Conflito ético na OAB-MT

Pedro Henrique Marques*
A Ordem dos Advogados do Brasil não é apenas uma entidade de classe. Conforme reconhecem a Constituição Federal e o Estatuto da Advocacia (Lei n. 8.906/94), a OAB exerce papel institucional singular: defender a Constituição, os direitos humanos, a justiça social e a dignidade da advocacia.
Entre suas atribuições está o dever de proteger os advogados no exercício profissional, obrigação expressa no art. 44, II, do Estatuto. Esse dever não é facultativo. É legal. Quando crimes são cometidos contra advogados, a OAB deve agir: cobrar providências, resguardar prerrogativas e zelar pela integridade da profissão.
Contudo, situações recentes revelam colisões entre esse dever e interesses privados de dirigentes da entidade. Há casos em que escritórios ligados a membros da diretoria defendem investigados por homicídios de advogados, justamente nos procedimentos em que a OAB deveria estar exigindo justiça. Essa sobreposição de funções compromete a credibilidade institucional, gera insegurança e contamina investigações.

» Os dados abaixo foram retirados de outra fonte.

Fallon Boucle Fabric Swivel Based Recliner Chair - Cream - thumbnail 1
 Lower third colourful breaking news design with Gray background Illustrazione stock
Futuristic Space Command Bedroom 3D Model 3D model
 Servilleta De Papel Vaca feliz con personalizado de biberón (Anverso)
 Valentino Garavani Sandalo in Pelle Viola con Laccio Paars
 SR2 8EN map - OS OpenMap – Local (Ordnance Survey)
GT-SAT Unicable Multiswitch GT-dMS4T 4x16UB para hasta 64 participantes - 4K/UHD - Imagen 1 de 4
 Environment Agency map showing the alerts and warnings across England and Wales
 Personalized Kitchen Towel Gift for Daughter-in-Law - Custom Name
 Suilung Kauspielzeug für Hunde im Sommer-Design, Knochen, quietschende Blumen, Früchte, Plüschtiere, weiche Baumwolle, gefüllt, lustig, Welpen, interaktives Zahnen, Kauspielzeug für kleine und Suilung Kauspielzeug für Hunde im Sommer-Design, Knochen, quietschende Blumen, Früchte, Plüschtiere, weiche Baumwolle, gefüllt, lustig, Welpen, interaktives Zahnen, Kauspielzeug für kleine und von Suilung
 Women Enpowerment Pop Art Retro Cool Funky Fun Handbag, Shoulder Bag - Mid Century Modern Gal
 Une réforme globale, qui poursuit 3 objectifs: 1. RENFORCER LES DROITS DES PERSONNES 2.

Em 2024, foi amplamente debatida, no contexto eleitoral da OAB/MT, a criação de um Plano de Defesa da Advocacia. A proposta foi concebida para assegurar proteção equivalente à conferida a juízes e promotores. Defendida pela chapa deste articulista, previa protocolos de segurança em parceria com autoridades. Apesar da relevância e do apoio recebido, foi ignorada pela gestão eleita. A classe segue desprotegida diante de ameaças crescentes.
O assassinato do ex-presidente da OAB/MT, em plena luz do dia, diante de seu escritório, é emblemático. O caso exigia resposta pública e institucional imediata. A omissão se agrava com a informação de que pessoas ligadas à direção atuam na defesa dos acusados. É inconciliável cobrar justiça e, ao mesmo tempo, patrocinar interesses de investigados. A legitimidade institucional exige coerência entre discurso e conduta.
Outro episódio grave envolve suspeita de venda de decisões judiciais, revelada após o assassinato de outro advogado. A gravidade dos fatos é evidente, e o discurso ético da OAB perde força quando dirigentes se associam a suspeitos de corromper o Judiciário.
Quem ocupa cargo diretivo na Ordem representa toda a advocacia. Por isso, assume compromisso ético adicional. O exercício dessas funções exige renúncias, inclusive na escolha de causas. Não se pode cobrar providências pela manhã e, à tarde, representar quem é acusado de matar um advogado.
A OAB não pode apenas bradar valores. Deve praticá-los. A advocacia espera uma instituição à altura de sua missão constitucional.